Quella mattina una coppia di turisti norvegesi aveva chiesto, insieme a qualcosa da bere, una tagliata di frutta fresca. Non appena la cameriera innamorata finì di appuntare l’ordine sul bloc-notes in cucina, lo chef strabico attaccò con i capricci.
La tagliata di frutta fresca gli dava sempre un’incredibile noia, ma rivelava alla cameriera innamorata alcune cose indescrivibili. Tutto cominciava dalle mele.
La base pratica del bianco era la tela su cui si faceva spazio il pizzicare del kiwi, le parentesi comiche, aperte e mai davvero chiuse, degli spicchi d’arancia. L’ananas era il tocco di acidità in una conversazione qualsiasi, le albicocche erano dolcezze dissimulate fino all’ultimo.
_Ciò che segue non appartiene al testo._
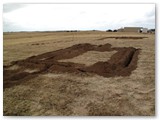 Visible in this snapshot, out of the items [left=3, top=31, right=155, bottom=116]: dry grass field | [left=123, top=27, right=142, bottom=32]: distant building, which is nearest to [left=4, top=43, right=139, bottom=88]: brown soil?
[left=3, top=31, right=155, bottom=116]: dry grass field

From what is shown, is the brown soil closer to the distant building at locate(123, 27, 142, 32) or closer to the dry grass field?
the dry grass field

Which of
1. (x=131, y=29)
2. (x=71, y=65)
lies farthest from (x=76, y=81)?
(x=131, y=29)

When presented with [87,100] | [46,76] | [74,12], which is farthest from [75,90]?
[74,12]

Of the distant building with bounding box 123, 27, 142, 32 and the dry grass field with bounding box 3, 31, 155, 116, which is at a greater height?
the distant building with bounding box 123, 27, 142, 32

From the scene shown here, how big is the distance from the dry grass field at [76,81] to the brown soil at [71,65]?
0.06 feet

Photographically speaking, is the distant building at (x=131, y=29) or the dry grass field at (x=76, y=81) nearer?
the dry grass field at (x=76, y=81)

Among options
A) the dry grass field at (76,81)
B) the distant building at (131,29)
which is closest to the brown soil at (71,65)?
the dry grass field at (76,81)

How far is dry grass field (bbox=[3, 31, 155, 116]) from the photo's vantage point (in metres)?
4.29

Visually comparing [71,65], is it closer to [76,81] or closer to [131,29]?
[76,81]

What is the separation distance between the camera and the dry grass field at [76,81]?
4293 mm

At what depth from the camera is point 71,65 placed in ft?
15.7

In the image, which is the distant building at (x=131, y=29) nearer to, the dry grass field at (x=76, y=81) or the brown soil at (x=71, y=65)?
the dry grass field at (x=76, y=81)

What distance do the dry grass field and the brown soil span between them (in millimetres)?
17

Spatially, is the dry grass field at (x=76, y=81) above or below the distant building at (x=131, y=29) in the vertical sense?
below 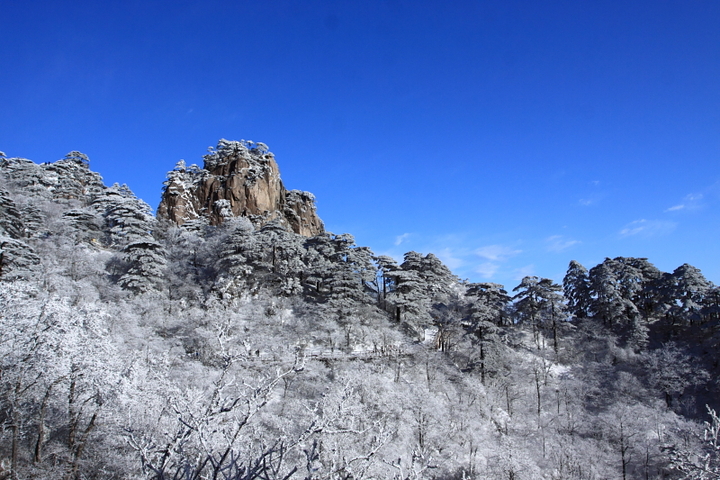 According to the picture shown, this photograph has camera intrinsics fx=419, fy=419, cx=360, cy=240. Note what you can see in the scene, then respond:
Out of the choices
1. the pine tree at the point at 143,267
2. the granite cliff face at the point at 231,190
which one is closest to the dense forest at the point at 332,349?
the pine tree at the point at 143,267

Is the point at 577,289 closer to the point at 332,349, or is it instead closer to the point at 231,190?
the point at 332,349

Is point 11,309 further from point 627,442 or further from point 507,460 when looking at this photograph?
point 627,442

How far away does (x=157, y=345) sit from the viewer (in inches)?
1287

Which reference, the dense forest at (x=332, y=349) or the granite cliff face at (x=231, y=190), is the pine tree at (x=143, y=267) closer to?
the dense forest at (x=332, y=349)

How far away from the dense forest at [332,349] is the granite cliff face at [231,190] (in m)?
3.06

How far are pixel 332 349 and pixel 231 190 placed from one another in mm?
35071

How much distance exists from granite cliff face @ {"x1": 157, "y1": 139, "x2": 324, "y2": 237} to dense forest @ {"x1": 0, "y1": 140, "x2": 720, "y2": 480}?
10.0 feet

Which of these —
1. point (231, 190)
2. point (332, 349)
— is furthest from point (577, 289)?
point (231, 190)

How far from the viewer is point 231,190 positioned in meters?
62.9

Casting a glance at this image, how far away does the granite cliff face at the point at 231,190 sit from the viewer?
61.7 metres

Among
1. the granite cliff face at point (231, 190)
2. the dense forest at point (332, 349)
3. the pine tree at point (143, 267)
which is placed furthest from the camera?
the granite cliff face at point (231, 190)

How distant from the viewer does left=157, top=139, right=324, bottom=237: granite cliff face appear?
202 ft

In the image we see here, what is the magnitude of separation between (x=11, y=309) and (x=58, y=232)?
29270mm

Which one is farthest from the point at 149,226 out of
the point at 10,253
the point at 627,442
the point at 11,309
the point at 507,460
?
the point at 627,442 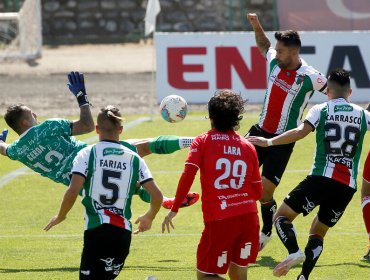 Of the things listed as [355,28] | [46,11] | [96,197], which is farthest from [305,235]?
[46,11]

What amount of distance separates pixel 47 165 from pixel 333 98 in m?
3.08

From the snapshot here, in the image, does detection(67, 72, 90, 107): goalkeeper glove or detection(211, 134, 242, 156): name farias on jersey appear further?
detection(67, 72, 90, 107): goalkeeper glove

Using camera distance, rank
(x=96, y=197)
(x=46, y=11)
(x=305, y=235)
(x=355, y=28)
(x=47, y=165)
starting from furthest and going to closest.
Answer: (x=46, y=11) → (x=355, y=28) → (x=305, y=235) → (x=47, y=165) → (x=96, y=197)

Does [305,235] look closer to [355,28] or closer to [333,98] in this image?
[333,98]

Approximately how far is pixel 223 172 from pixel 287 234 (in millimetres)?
1726

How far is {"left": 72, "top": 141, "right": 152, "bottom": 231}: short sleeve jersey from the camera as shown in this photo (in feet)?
27.9

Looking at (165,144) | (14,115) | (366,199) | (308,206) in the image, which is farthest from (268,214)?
(14,115)

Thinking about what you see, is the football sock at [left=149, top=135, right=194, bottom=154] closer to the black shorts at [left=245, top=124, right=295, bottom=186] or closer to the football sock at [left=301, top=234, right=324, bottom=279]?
the black shorts at [left=245, top=124, right=295, bottom=186]

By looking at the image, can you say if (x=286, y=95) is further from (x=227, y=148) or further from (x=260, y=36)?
(x=227, y=148)

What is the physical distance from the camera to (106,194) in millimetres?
8547

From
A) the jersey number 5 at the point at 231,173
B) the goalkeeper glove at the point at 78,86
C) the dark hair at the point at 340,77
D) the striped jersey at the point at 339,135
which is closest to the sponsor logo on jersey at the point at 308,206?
the striped jersey at the point at 339,135

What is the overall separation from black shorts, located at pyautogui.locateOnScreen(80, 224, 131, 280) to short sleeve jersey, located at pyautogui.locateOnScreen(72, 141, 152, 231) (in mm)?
66

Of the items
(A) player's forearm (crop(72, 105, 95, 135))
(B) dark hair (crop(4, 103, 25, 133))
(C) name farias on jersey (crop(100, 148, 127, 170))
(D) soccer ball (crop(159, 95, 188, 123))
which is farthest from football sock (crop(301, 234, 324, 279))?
(B) dark hair (crop(4, 103, 25, 133))

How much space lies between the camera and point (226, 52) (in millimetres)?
23406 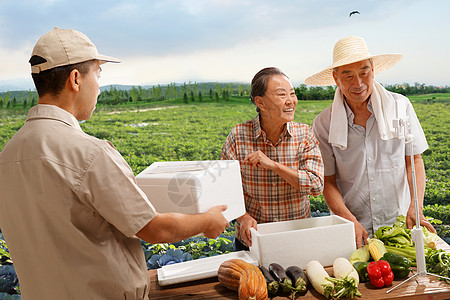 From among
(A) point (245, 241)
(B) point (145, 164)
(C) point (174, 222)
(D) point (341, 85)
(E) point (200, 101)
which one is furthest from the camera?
(E) point (200, 101)

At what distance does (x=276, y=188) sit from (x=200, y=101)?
4380mm

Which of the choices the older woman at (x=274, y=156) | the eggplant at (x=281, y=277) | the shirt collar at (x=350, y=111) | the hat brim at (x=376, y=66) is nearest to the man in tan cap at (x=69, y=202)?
the eggplant at (x=281, y=277)

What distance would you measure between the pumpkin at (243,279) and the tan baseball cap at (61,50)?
96 cm

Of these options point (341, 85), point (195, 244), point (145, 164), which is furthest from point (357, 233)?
point (145, 164)

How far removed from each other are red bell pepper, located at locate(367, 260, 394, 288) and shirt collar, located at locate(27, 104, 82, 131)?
126 centimetres

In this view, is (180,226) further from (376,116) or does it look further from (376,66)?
(376,66)

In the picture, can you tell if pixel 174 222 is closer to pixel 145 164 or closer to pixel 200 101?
pixel 145 164

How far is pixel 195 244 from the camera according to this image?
188 inches

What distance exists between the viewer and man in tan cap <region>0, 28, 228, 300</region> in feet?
3.89

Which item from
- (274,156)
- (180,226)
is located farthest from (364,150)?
(180,226)

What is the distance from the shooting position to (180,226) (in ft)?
4.41

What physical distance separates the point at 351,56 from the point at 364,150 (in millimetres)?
533

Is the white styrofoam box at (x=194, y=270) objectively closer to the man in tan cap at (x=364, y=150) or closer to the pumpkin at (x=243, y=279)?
the pumpkin at (x=243, y=279)

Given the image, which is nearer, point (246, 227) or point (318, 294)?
point (318, 294) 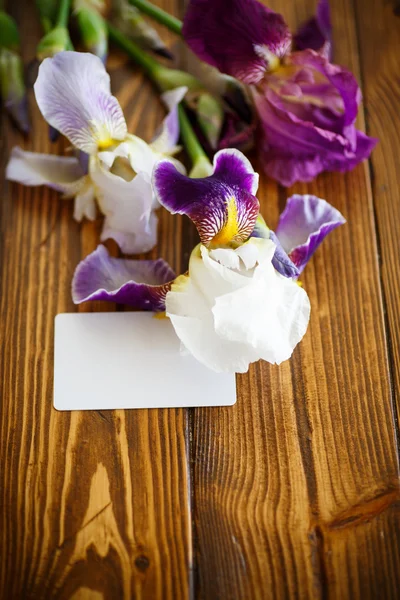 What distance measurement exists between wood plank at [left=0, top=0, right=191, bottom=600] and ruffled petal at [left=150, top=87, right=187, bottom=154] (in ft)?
0.23

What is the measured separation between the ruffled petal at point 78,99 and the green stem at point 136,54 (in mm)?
131

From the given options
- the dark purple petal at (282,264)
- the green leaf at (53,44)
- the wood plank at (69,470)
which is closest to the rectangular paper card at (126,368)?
the wood plank at (69,470)

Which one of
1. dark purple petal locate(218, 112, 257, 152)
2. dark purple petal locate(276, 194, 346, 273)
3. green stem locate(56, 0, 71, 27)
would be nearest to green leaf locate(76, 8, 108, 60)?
green stem locate(56, 0, 71, 27)

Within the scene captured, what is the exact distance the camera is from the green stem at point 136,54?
2.12 ft

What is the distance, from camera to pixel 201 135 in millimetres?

La composizione aveva un’aria del tutto equilibrata, quasi prudente, affinché nessun significato scivolasse dal piatto per errore. Poi, però, arrivava il turno dei mirtilli. Lo chef strabico li spargeva pericolosamente, come frivoli pois, su tutto il resto. I mirtilli erano la promessa blu-scuro che, dopotutto, qualcosa di stupido e divertente sarebbe accaduto.
Così pensava la cameriera innamorata mentre camminava verso il tavolo della coppia di turisti norvegesi, che, per un momento, sembrò davvero impressionata da quel che veniva servito, qualsiasi cosa fosse.
Quando la cameriera innamorata si girò di spalle, però, le mele tornarono a essere nient’altro che mele, e anche gli spicchi d’arancia persero tutto il loro senso dell’umorismo. Persino delle promesse blu-scuro dei mirtilli non rimaneva niente, se non una poltiglia antiossidante tra i denti dei due estranei.
Una volta lo chef strabico le aveva detto che la sua vera vita iniziava nel momento in cui finiva il suo turno di lavoro. La cameriera innamorata non credeva fino in fondo a quelle parole, e si consolava pensando che anche i due turisti, al pari dei mirtilli, presto sarebbero spariti senza lasciare alcuna traccia, a bordo di un aereo diretto a Oslo.